Input records:
- - - -

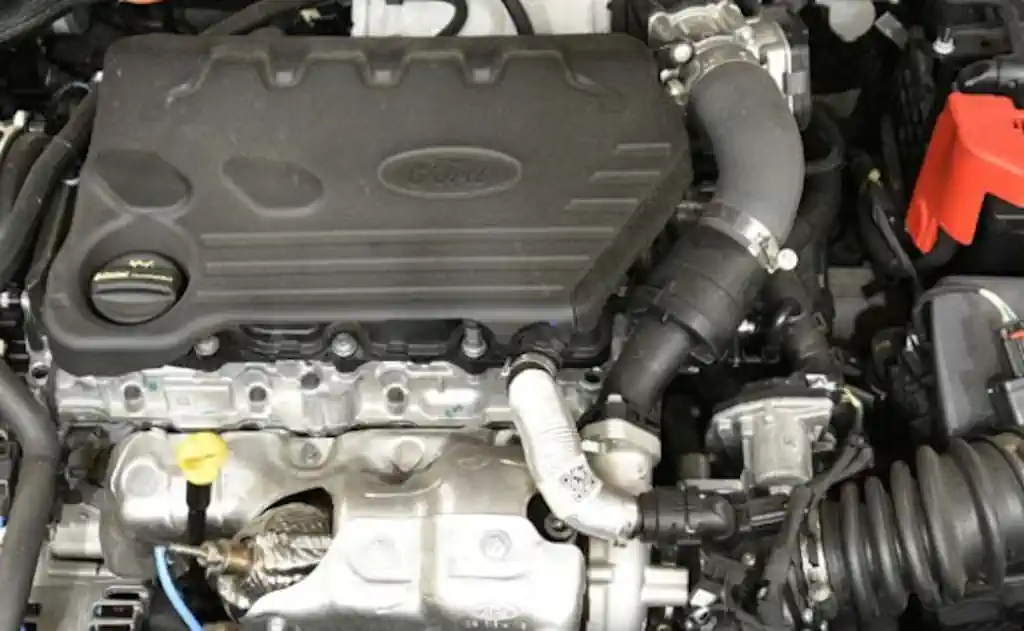 Ford Focus 1.5 EcoBlue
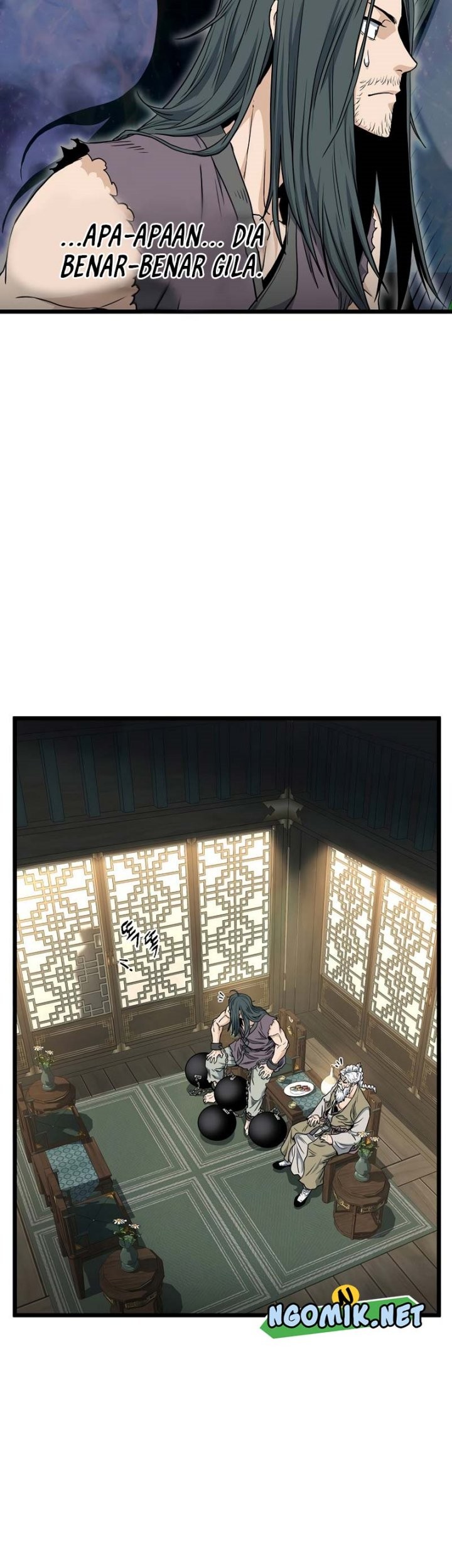 Murim Login Chapter 156 Gambar 24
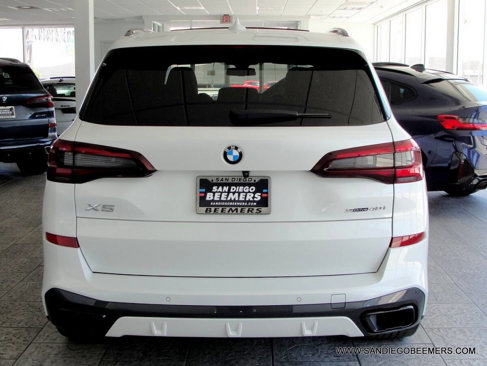 Used 2022 BMW X5 sDrive40i w/ M Sport Package image 81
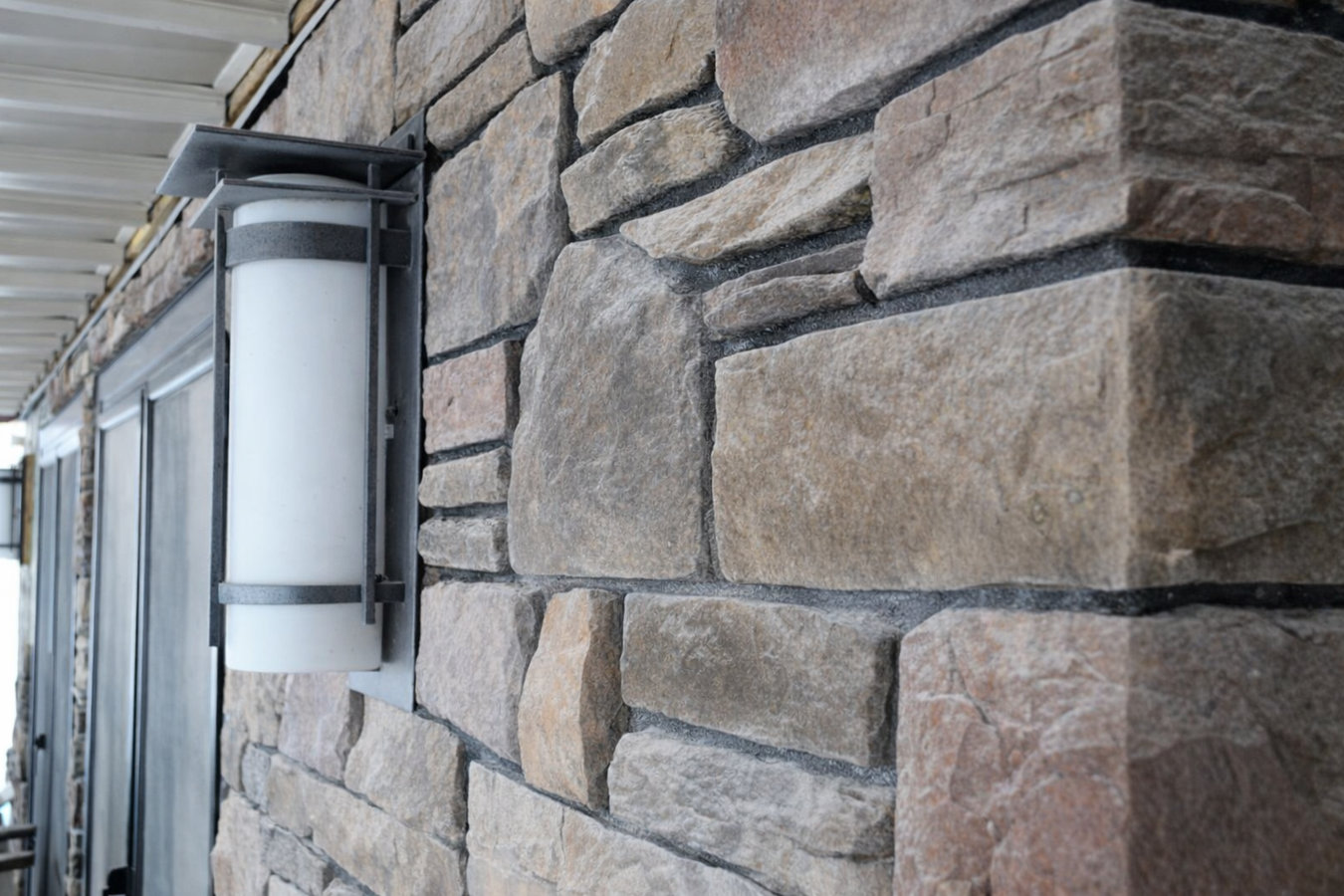Stone Veneer Installation in Hayden, ID
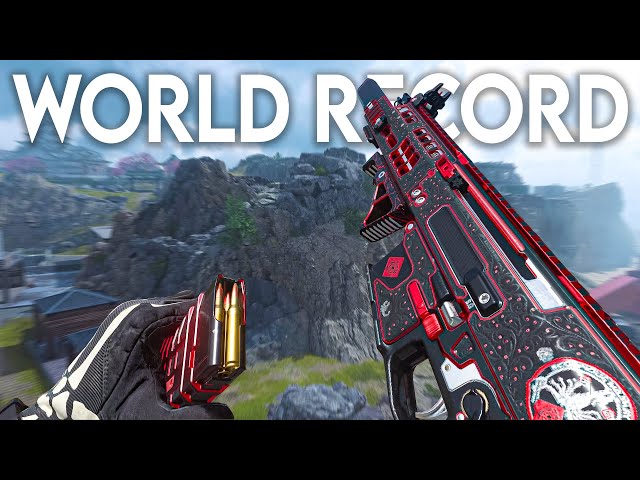 I Broke a DMZ WORLD RECORD!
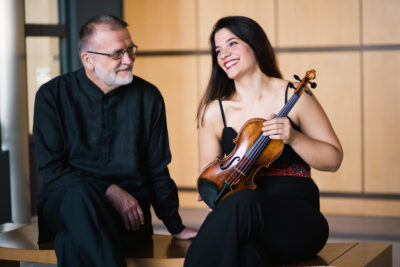 Δανάη Παπαματθαίου - Μάτσκε / Ούβε Μάτσκε | Από τον Beethoven στον Franck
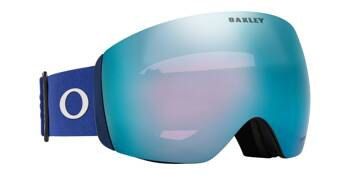 Gogle narciarskie unisex Oakley FLIGHT DECK granatowe OO7050-D4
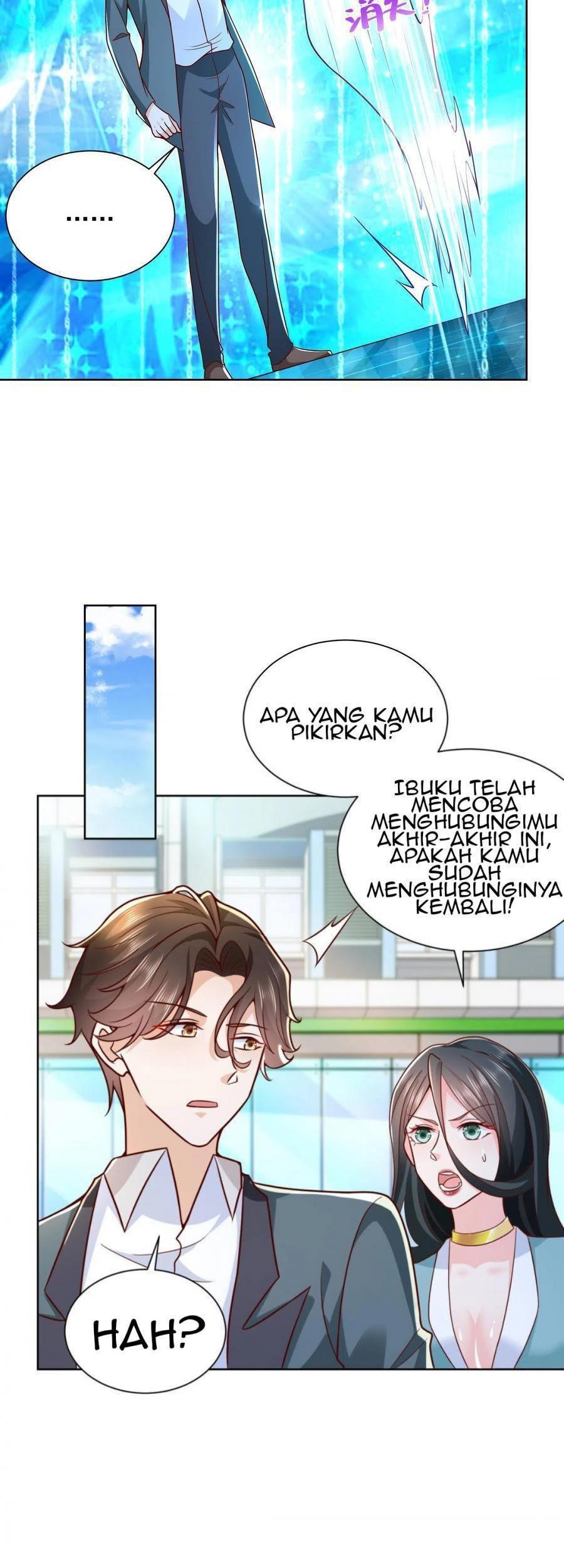 I Randomly Have A New Career Every Week Chapter 217 - halaman 9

- - - -

Goal of the exercise: Leave out every picture, and write out exactly the lines from the one with "Used 2022 BMW" through the end of the records above, both ends included.

Answer:
 Used 2022 BMW X5 sDrive40i w/ M Sport Package image 81
Stone Veneer Installation in Hayden, ID
 I Broke a DMZ WORLD RECORD!
 Δανάη Παπαματθαίου - Μάτσκε / Ούβε Μάτσκε | Από τον Beethoven στον Franck
 Gogle narciarskie unisex Oakley FLIGHT DECK granatowe OO7050-D4
 I Randomly Have A New Career Every Week Chapter 217 - halaman 9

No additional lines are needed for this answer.